▸ **RECORDS**:

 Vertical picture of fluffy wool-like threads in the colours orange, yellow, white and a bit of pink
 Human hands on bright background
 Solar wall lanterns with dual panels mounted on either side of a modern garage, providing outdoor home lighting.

...

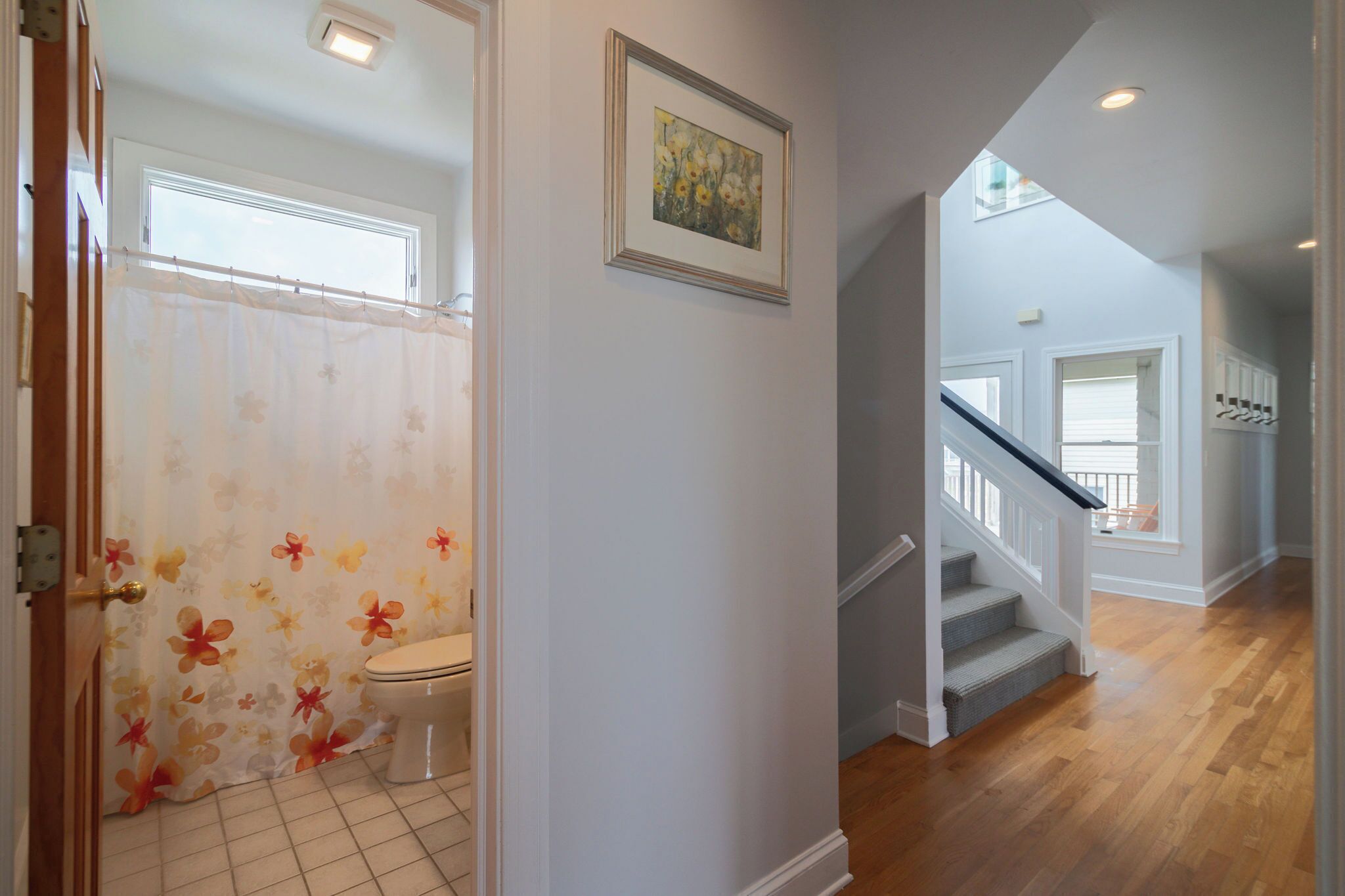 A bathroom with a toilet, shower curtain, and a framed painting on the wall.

...

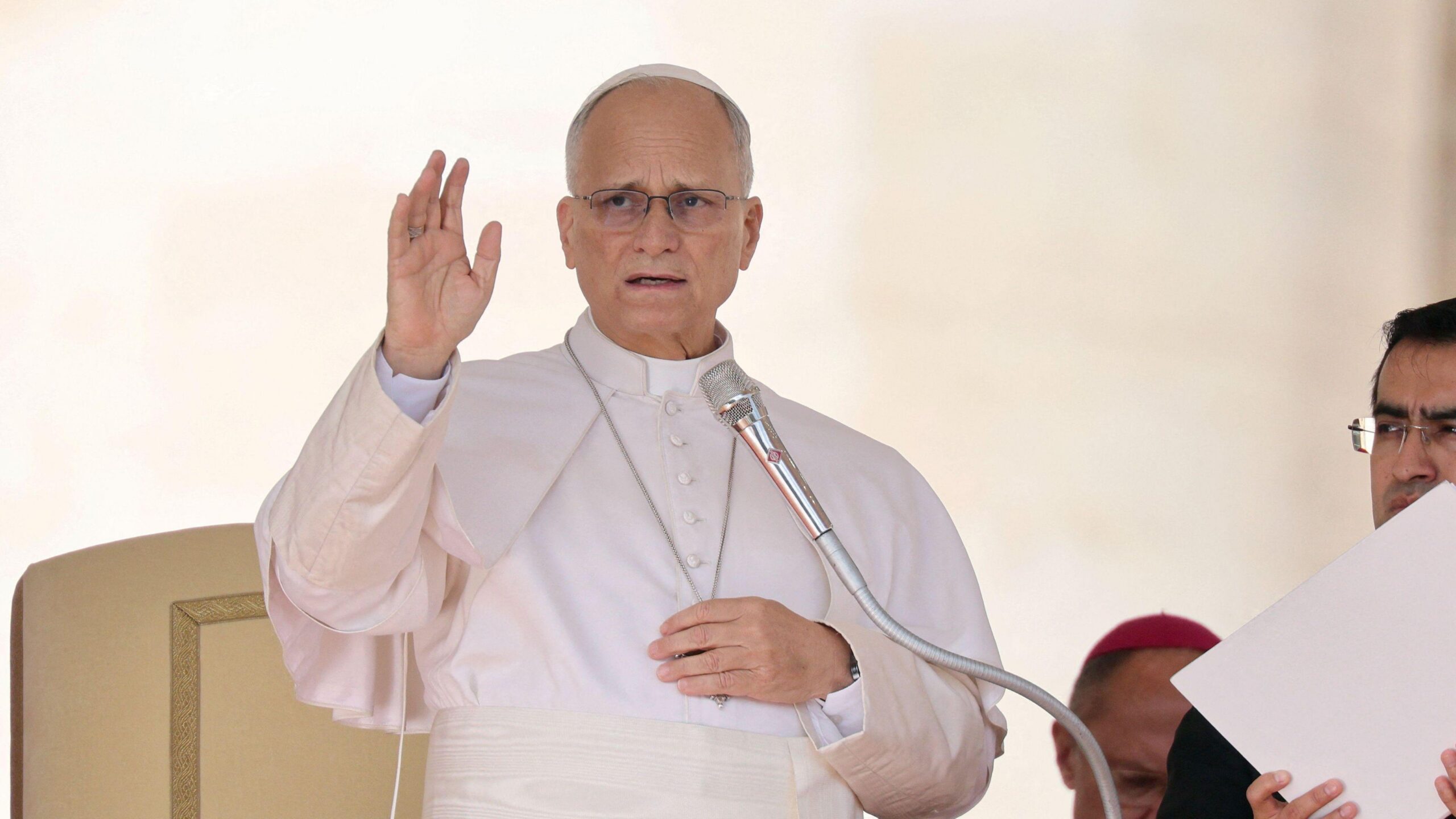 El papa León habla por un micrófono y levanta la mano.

▸ **TASK INSTRUCTIONS**:
Please transcribe exactly the lines above from the line that has "Vertical picture of" up to and including the line that has "Solar wall lanterns"; no other line belongs in the answer.

▸ **REPLY TO THE TASK**:
 Vertical picture of fluffy wool-like threads in the colours orange, yellow, white and a bit of pink
 Human hands on bright background
 Solar wall lanterns with dual panels mounted on either side of a modern garage, providing outdoor home lighting.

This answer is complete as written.